Vai ter gente que vai ler essa história e vai falar: "nossa, você foi bem escr0t@ com essa menina, heim?". E sim: eu fui. Infelizmente fui um serumaninho mega arrogante no passado e não dá para negar isso - mas dá para assumir o erro e mudar, que é o quevenho fazendo desde então.

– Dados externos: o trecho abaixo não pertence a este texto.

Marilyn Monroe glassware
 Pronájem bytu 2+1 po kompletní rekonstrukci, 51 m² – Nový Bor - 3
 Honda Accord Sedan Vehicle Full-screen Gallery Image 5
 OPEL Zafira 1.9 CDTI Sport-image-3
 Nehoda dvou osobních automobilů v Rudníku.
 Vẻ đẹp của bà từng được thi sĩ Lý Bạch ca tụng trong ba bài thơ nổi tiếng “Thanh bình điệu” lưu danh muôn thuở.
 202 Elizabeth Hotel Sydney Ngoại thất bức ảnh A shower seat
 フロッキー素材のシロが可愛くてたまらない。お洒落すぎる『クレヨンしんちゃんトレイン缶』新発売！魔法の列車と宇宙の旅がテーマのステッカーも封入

Só que o fato permanece: quando o assunto é GENTE, temos que tirar leite de pedra muitas vezes... Nem sempre temos a sorte de acharmos profissionais com formações e/ou experiências impecáveis. Boa parte do tempo temos que trabalhar com o que tem. E daí temos que ser diretos, objetivos, falarmos a verdade, orientar o que pode e o que não pode fazer, ver se está fazendo certo ou errado, treinar, conferir, conversar, ensinar o chefe a liderar equipe, tomar um café junto com a pessoa, puxar a orelha quando necessário, elogiar quando necessário, brigar com o chefe em prol da pessoa quando necessário, tirar as dúvidas, treinar de novo, falar a verdade sempre, orientar, orientar, orientar...

Se, por um acaso, você tiver um coleguinha que for do tipo que acha que mora num planeta onde esse tipo de situação é uma fanfic, mande esse texto para essa pessoa. É possível que lla continuará achando que mora num mundo onde os adultos são seres "essencialmente racionais, sensatos e interessados no bem comum e na busca pelo conhecimento".

Contudo, meu caro e minha cara, nós três sabemos que esse mundo não existe.